The Outer Cape, we like to think, isn’t quite as scary this year as last year. At least our slowly reforesting landscape can’t be confused with the dark forest in the Wizard of Oz, where Dorothy posed a question asked countless times by travelers here: “Do you suppose we’ll meet any wild animals?”
The answer is yes, of course. And for some, that is precisely the reason for coming to a place where wild things are. We do have great white sharks, which have been critical to the summer suspense narrative here since long before the movie Jaws.
The New York Times Magazine made sure everyone was aware of this with its cover story “Fear on Cape Cod as Sharks Hunt Again” last Oct. 20. There were a few problems with that article. Mainly this: sharks took no humans here last summer. They kept to their traditional diet. Our species coexisted, at least on the Outer Cape. The ancient chill of shark horror existed last summer, but only as potential energy.

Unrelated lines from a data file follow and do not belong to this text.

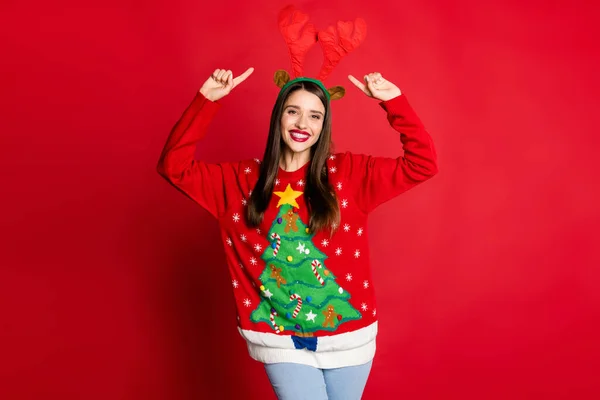 Foto di felice affascinante giovane donna punta dito indossare cervo cervo sorriso isolato su sfondo di colore rosso — Foto Stock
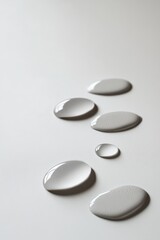 Aufkleber - Liquid drops flowing on white surface, background blurred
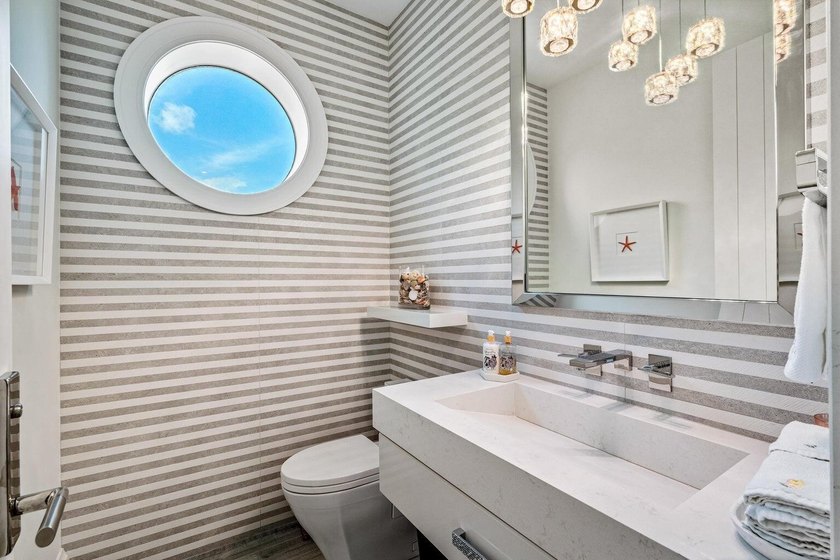 Welcome to this stunning 3-story townhouse in Ocean Ridge. This - photo 26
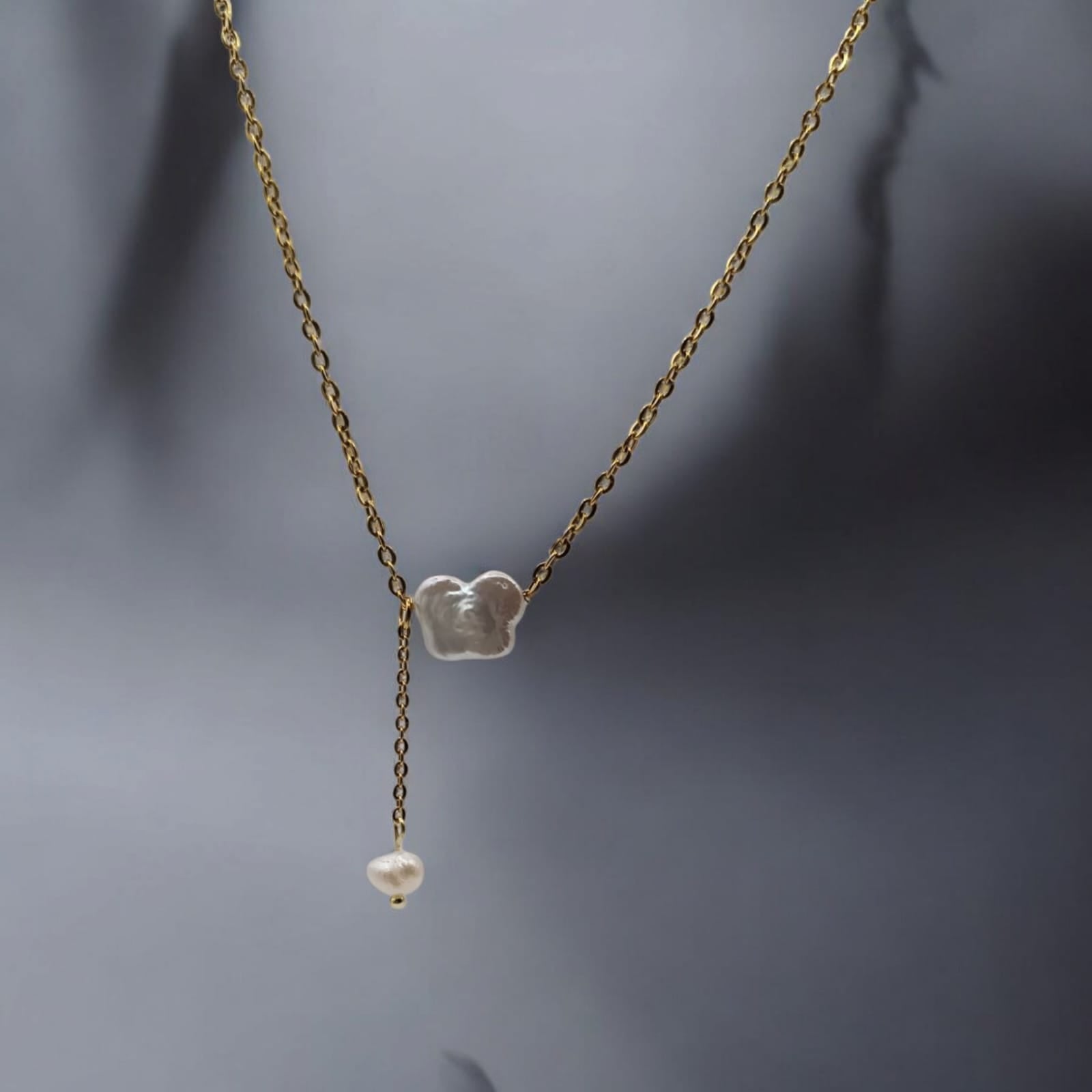 A delicate gold-plated necklace featuring a butterfly-shaped freshwater pearl pendant, styled on a soft fabric background.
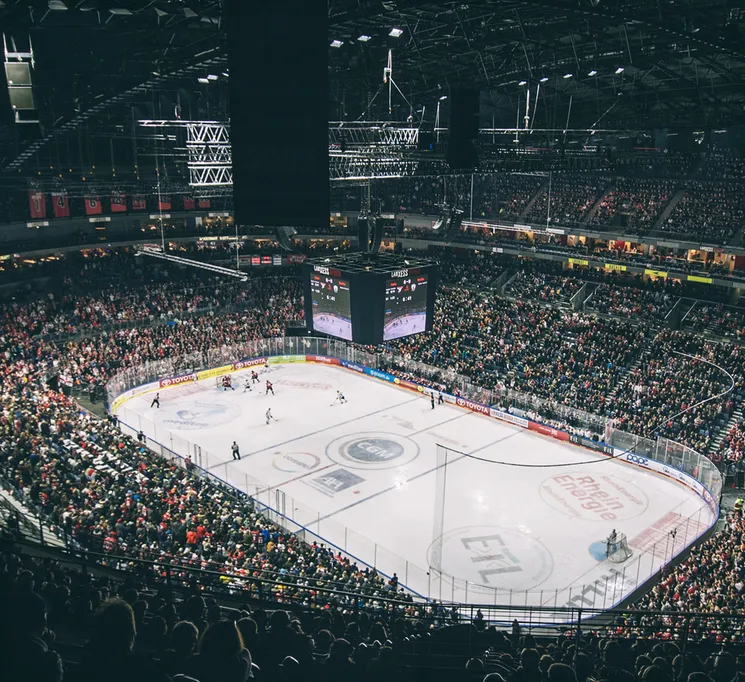 En vid utsikt over en fullpakket ishockeyarena med spillere på isen og et stort poengsumtavle.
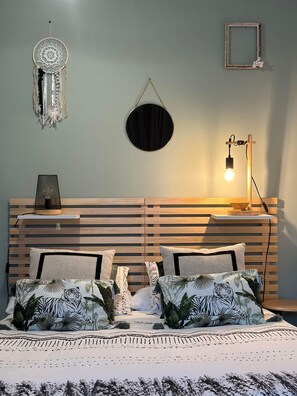 A bedroom with a wooden slat headboard, a round mirror, a dreamcatcher, and a bedside lamp. - ROYAN, Room with a Private Terrace (Royan)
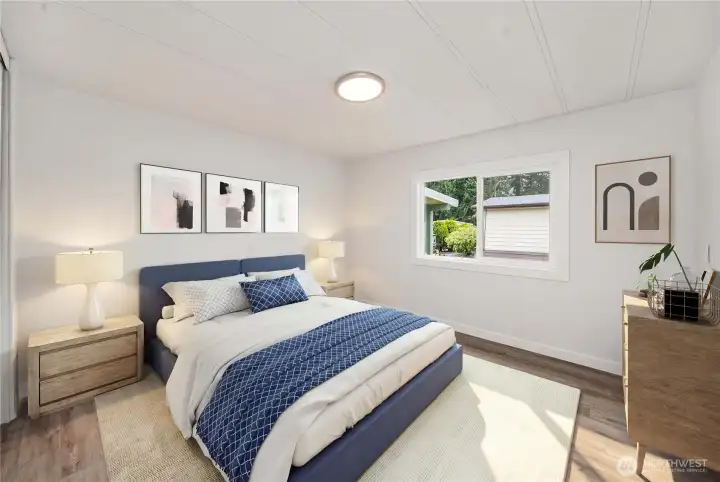 Comfortable guest bedroom offers natural light and a versatile layout for visitors or hobbies.   (photo virtually staged)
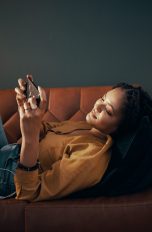 Eine Person liegt auf einem Sofa und spielt dabei auf ihrem Smartphone.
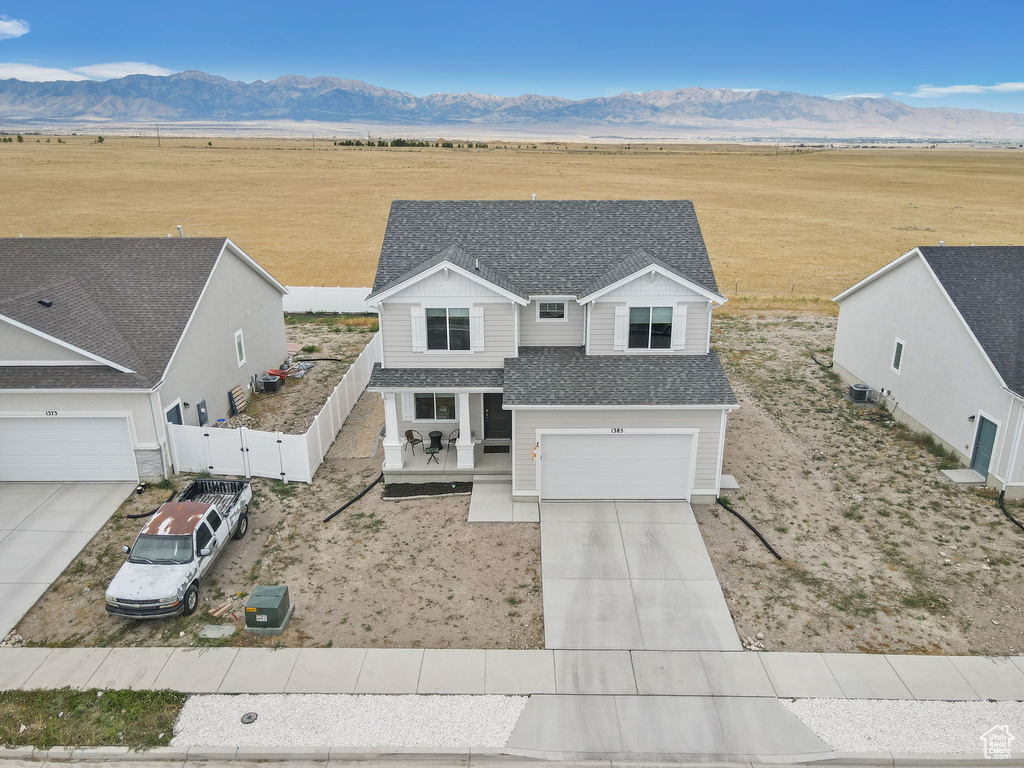 View of front of property featuring a view of rural / pastoral area, concrete driveway, a mountain view, a gate, and roof with shingles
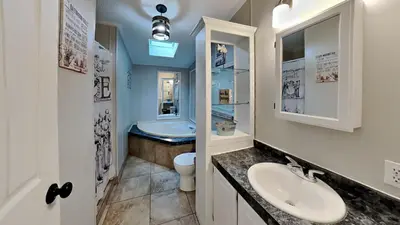 a bathroom with a sink and a toilet and a tub at Put-in-Bay Island Club #27 in Put-in-Bay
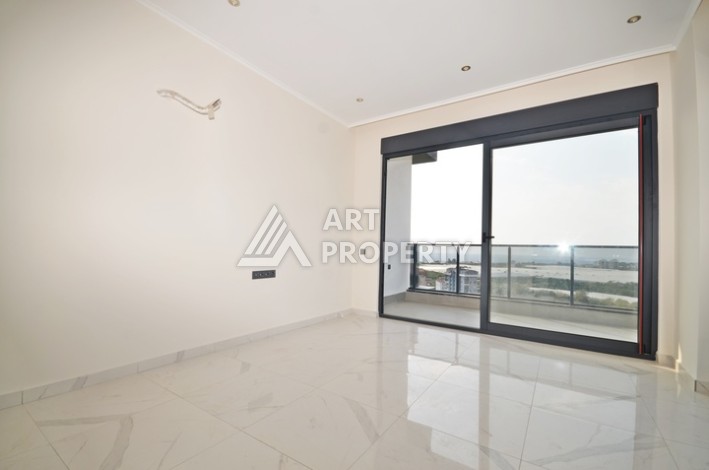 Уютная квартира 1+1 с потрясающим видом на море и город в современном комплексе в районе Демирташ. - Ракурс 1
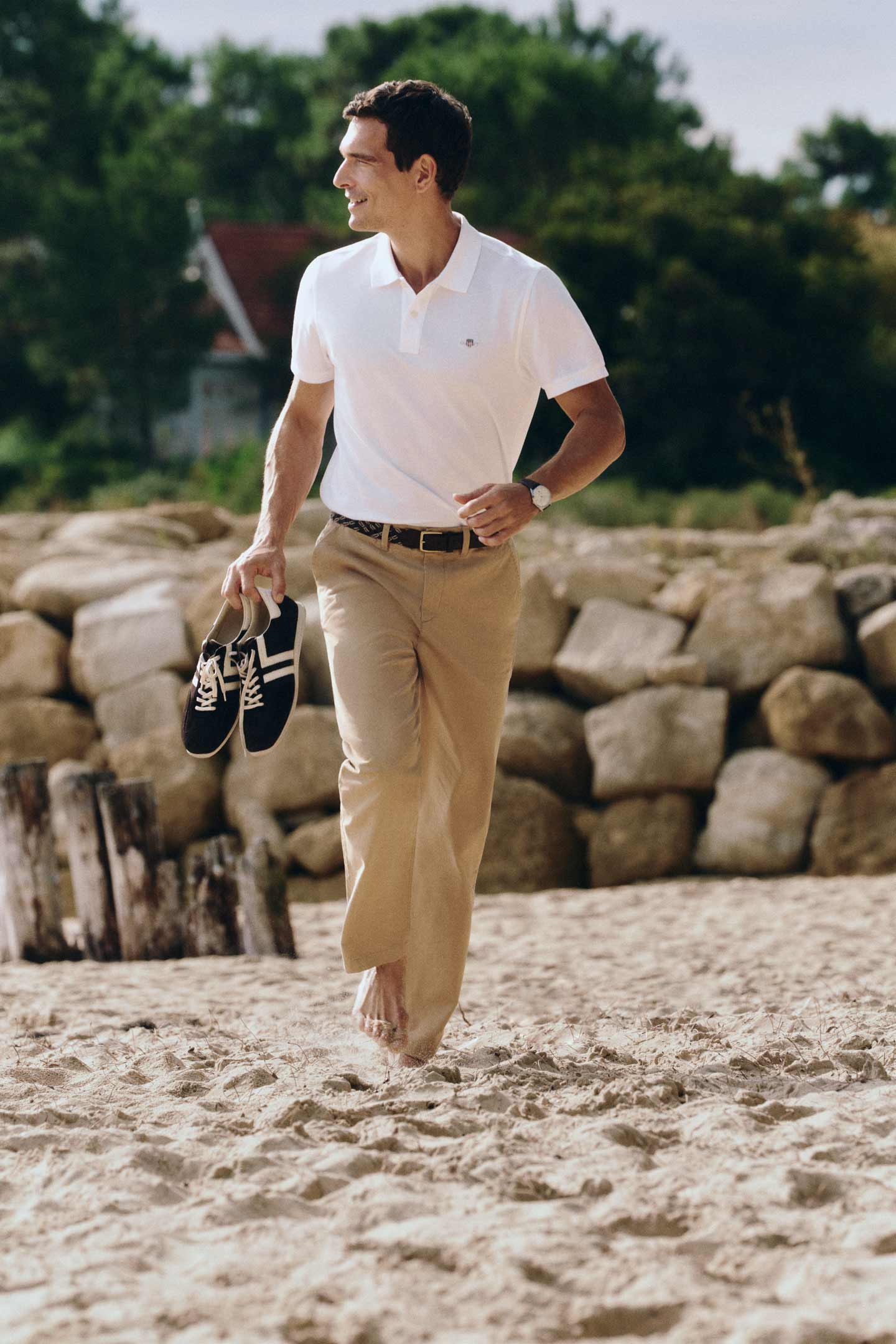 Person wearing a white short‑sleeve polo shirt paired with beige trousers and a dark belt, walking barefoot on a sandy beach while holding a pair of black sneakers.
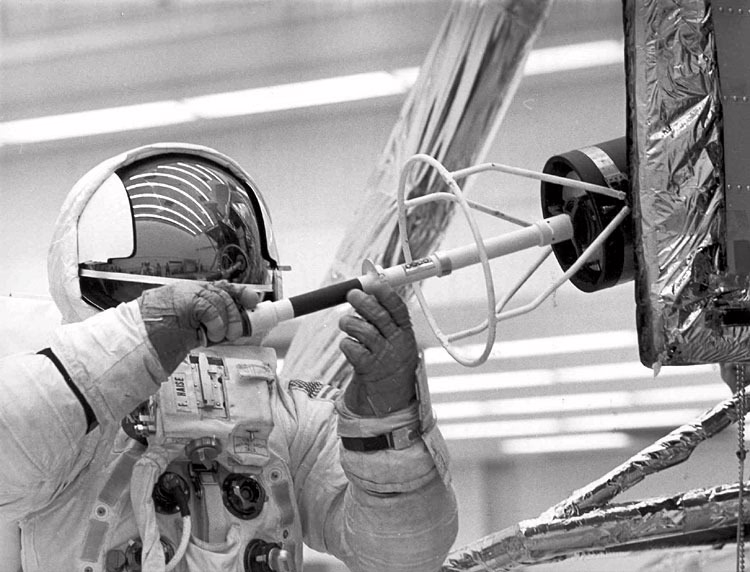 Astronaut Fred Haise extracts the fuel element for a SNAP-26 RTG from the transport cask on the side of the Lunar Module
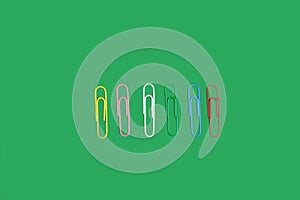 Colorful paper clip on green background.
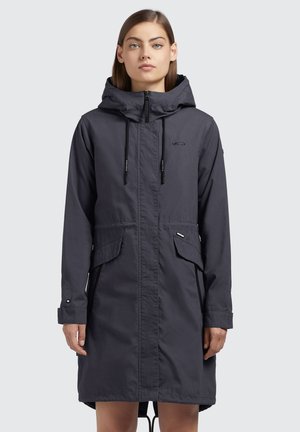 Vettävä tummanharmaa parka, jossa on huppu, vetoketjukiinnitys, säädettävä naru, kaksi etutaskua ja logo yksityiskohtana rinnassa.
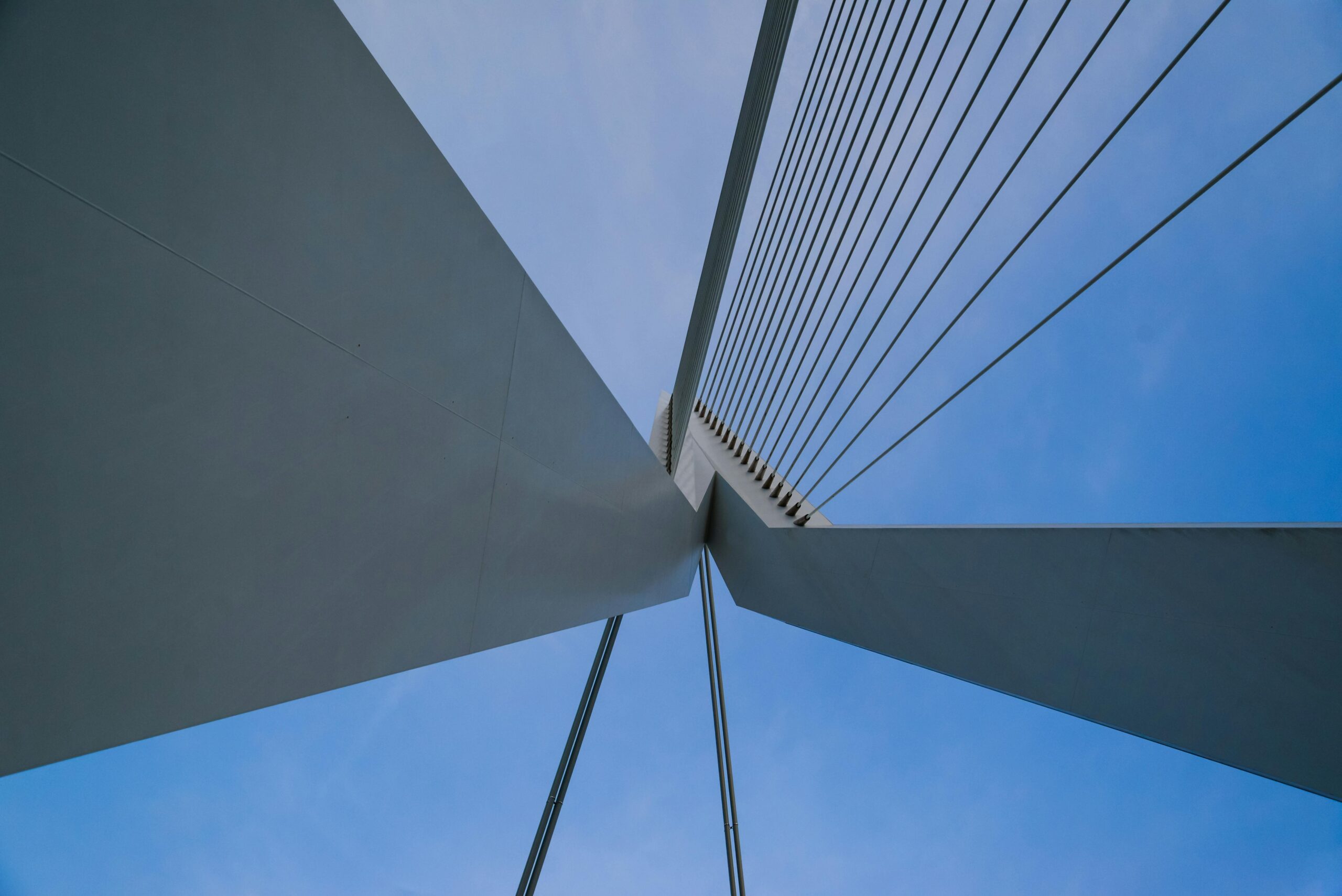 Low angle view of a modern architectural bridge design with cables against a clear blue sky.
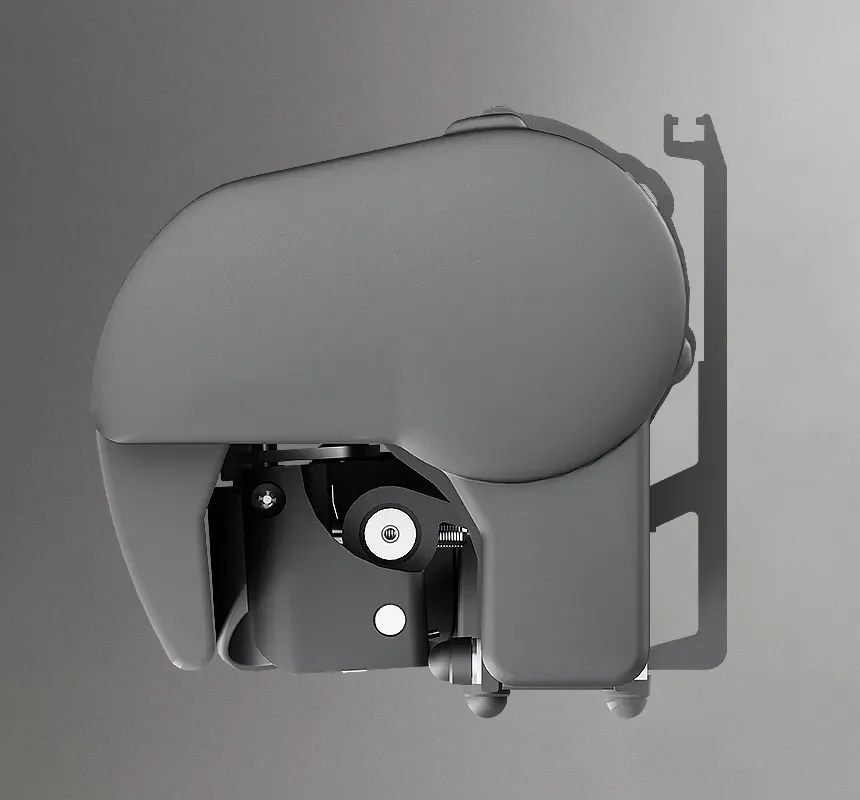 Close-up side view of a gray robotic helmet or head-mounted device with exposed mechanical components and rear mounting bracket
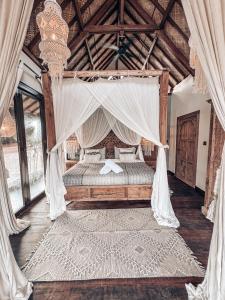 a bedroom with a canopy bed with curtains and a rug at Casa Magick boutique Villa in Gili Islands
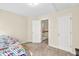 Well-lit bedroom with neutral walls, carpeted floor, and two closets, creating a cozy and inviting atmosphere at 210 Chandler Ct, Sugar Hill, GA 30518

Phew.
Yet the Times Magazine story was instructive in suggesting that our media have failed to give due attention to things one should have been afraid of.
The Outer Cape was overrun with animals last year. And we still have a pride of Lions, none cowardly, but not especially ferocious, either. Recognized by their good manners, community service, and a fraternal mode of address, they are known to collect, perhaps monthly, at some of our finer watering holes, like the Elks recalled by Capt. Spaulding in Animal Crackers.
We have bears, too. In July 2021 we welcomed a rainbow of migratory bears, as we will again this week. The annual visit of these fuzzies is anticipated with joy by local businesses. It is considered bad form to catch one of these bears, unless, of course, the bear winks first.
The news last year was that our local shark visitors seemed to behave like kittens — as long as you weren’t a seal. Yet sharks now seem fully part of the Outer Cape thrill narrative. We must all steel ourselves for another spine-tingling, eyes-out shark alert season in 2022. There is nothing new to this, as evidenced by John Singleton Copley’s painting Watson and the Shark (1778) at the Museum of Fine Arts Boston. The reason Jaws was so unsettling in 1975 is that sharks were a genuine natural peril then and will remain so until their extinction, which will be a sadness not just because ours is an affirming and inclusive community.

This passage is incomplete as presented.